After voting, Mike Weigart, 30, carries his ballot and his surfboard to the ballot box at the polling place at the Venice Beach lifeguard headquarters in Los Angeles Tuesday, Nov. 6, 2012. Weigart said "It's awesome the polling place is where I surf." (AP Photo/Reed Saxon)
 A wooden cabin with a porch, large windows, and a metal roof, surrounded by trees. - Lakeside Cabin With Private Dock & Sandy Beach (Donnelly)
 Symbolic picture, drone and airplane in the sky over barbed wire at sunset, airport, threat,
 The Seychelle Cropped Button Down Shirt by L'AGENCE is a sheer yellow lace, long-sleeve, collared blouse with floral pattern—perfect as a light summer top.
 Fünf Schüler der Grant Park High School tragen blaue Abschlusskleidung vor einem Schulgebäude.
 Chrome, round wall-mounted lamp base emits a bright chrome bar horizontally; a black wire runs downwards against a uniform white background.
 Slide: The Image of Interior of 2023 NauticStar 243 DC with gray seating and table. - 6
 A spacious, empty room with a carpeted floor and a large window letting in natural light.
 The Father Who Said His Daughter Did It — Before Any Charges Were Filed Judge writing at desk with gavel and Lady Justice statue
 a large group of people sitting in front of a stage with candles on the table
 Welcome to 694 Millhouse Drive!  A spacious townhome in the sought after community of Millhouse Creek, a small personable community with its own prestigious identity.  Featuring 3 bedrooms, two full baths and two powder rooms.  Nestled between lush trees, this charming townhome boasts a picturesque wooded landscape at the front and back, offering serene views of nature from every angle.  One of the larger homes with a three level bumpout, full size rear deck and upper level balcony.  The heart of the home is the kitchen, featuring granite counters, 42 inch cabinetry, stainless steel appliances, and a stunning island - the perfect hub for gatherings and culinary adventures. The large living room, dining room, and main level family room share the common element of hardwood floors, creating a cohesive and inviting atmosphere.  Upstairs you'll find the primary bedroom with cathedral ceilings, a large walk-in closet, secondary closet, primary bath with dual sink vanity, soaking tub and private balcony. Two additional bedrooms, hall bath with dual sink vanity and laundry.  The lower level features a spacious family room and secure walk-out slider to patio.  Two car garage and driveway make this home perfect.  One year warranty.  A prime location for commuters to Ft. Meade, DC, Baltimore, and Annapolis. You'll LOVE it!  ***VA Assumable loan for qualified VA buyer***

> **ASSIGNMENT**
Print out the whole listing, with every line exactly as it appears.

> **TASK OUTPUT**
After voting, Mike Weigart, 30, carries his ballot and his surfboard to the ballot box at the polling place at the Venice Beach lifeguard headquarters in Los Angeles Tuesday, Nov. 6, 2012. Weigart said "It's awesome the polling place is where I surf." (AP Photo/Reed Saxon)
 A wooden cabin with a porch, large windows, and a metal roof, surrounded by trees. - Lakeside Cabin With Private Dock & Sandy Beach (Donnelly)
 Symbolic picture, drone and airplane in the sky over barbed wire at sunset, airport, threat,
 The Seychelle Cropped Button Down Shirt by L'AGENCE is a sheer yellow lace, long-sleeve, collared blouse with floral pattern—perfect as a light summer top.
 Fünf Schüler der Grant Park High School tragen blaue Abschlusskleidung vor einem Schulgebäude.
 Chrome, round wall-mounted lamp base emits a bright chrome bar horizontally; a black wire runs downwards against a uniform white background.
 Slide: The Image of Interior of 2023 NauticStar 243 DC with gray seating and table. - 6
 A spacious, empty room with a carpeted floor and a large window letting in natural light.
 The Father Who Said His Daughter Did It — Before Any Charges Were Filed Judge writing at desk with gavel and Lady Justice statue
 a large group of people sitting in front of a stage with candles on the table
 Welcome to 694 Millhouse Drive!  A spacious townhome in the sought after community of Millhouse Creek, a small personable community with its own prestigious identity.  Featuring 3 bedrooms, two full baths and two powder rooms.  Nestled between lush trees, this charming townhome boasts a picturesque wooded landscape at the front and back, offering serene views of nature from every angle.  One of the larger homes with a three level bumpout, full size rear deck and upper level balcony.  The heart of the home is the kitchen, featuring granite counters, 42 inch cabinetry, stainless steel appliances, and a stunning island - the perfect hub for gatherings and culinary adventures. The large living room, dining room, and main level family room share the common element of hardwood floors, creating a cohesive and inviting atmosphere.  Upstairs you'll find the primary bedroom with cathedral ceilings, a large walk-in closet, secondary closet, primary bath with dual sink vanity, soaking tub and private balcony. Two additional bedrooms, hall bath with dual sink vanity and laundry.  The lower level features a spacious family room and secure walk-out slider to patio.  Two car garage and driveway make this home perfect.  One year warranty.  A prime location for commuters to Ft. Meade, DC, Baltimore, and Annapolis. You'll LOVE it!  ***VA Assumable loan for qualified VA buyer***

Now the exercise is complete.